I reached for him, clasped him, tugged him forward and back. He put his hand over mine and showed me what he liked. He was hard, smooth, and hot. I wanted him more than I'd wanted anything for a long, long time.
He seemed to feel the same, since he practically tore the button off my shorts. Neither one of us heard the knock on the door. Hell, they could have been knocking for half an hour and I wouldn't have heard them. Then someone shouted my name and started to pound. The door rattled and shook.
Together we cursed and tugged our clothes back where they belonged. I hurried to the door.
"This had better be good," I said as I opened it.
Edward Mandenauer stood in the hall. Some of my neighbors had come out to see what the fuss was about. They stared at him as if he were crazy. Of course they rarely saw an emaciated old man with a rifle in each hand and a bandolier full of bullets slung over each shoulder in our neck of the woods. He resembled Rambo, sixty years after his last war.
"He's with me," I told my neighbors, and shooed them back inside.
When they disappeared, albeit slowly – we didn't get much excitement in our neck of the woods, either – I turned to Mandenauer. "What are you doing here?"
"We must hunt, Jessie." He tossed me a rifle. I had no choice but to catch the weapon or eat it.
"It's nine o' clock. I thought we were supposed to meet at eleven."
"We meet now."
I heard Cadotte get to his feet behind me. His movement drew Mandenauer's gaze. The old man's eyes narrowed, and he gave Cadotte the once-over, then turned to me and did the same.
My cheeks heated. It was like being caught in the backseat of a car by your grandfather.
But he wasn't my grandfather. I was over twenty-one and I was off duty, for crying out loud.
"Someone has been bitten. We must go." He turned and started down the hall.
"Wait!" I called.
This changed everything.
Mandenauer paused. "We must get to the scene. Quickly."

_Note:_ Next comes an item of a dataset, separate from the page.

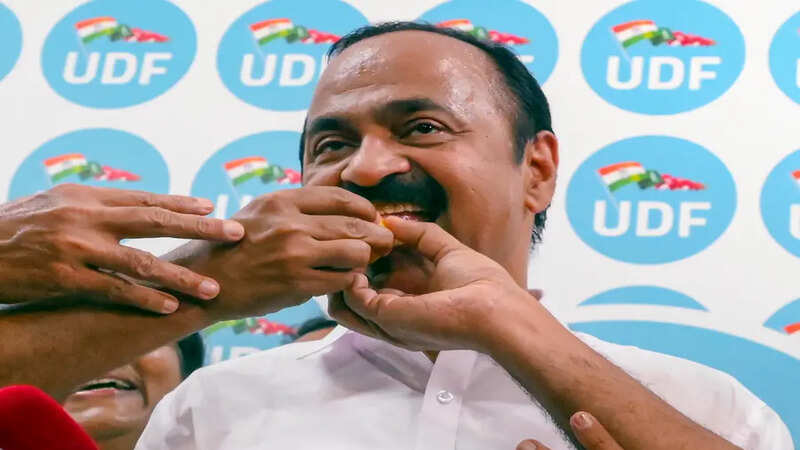 VD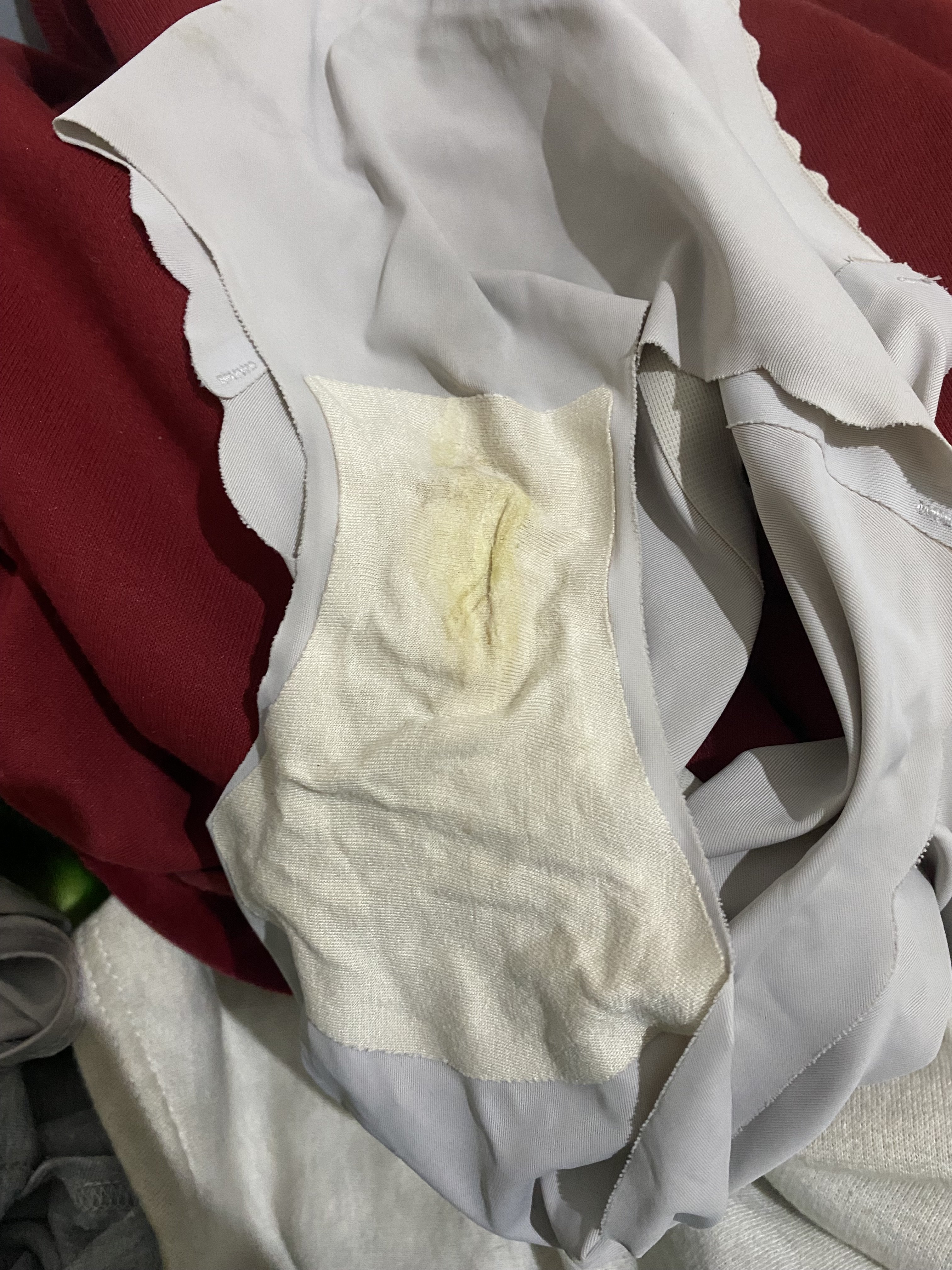 330175-ed9ca761053e.jpeg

I glanced down. I couldn't go running through the woods in shorts and a shirt with no sleeves. I'd not only be scratched to pieces; I'd be eaten alive by bugs. Distractions like that destroyed a person's concentration. Without my concentration, I could get killed – and Mandenauer along with me.
"Two minutes," I said, and ran for the bedroom.
I took three, but tough. I had to get my rifle out of the safe. I put the company issue inside, grabbed a box of bullets, and ran.
Cadotte and Mandenauer were staring at each other like two dogs who'd found the same bone. What was the matter with them?
"I've got to go," I told Cadotte. "Sorry."
And I was sorry. My life had been rolling along quite nicely when Mandenauer showed up.
Cadotte nodded. "I know. I'll just clean up and let myself out."
I hesitated. I didn't want to leave him alone in my apartment, but his nicely stacked papers were now scattered all over my table – we must have knocked them over while we were otherwise occupied. His shoes were off. Damn, his jeans weren't buttoned. I could see a slice of smooth, dark skin across his belly. My mouth still tasted of him.
I had to get out of here. "Thanks. I – "
"I'll call you," he said.
Mandenauer snorted. I gave him a dirty look and he shrugged. "Your phones are not working. The sheriff tried to call, as did that foulmouthed harpy who says she is your friend."
Hell. I had turned off the phones. I wasn't going to have much of an ass left when Clyde got done chewing on it.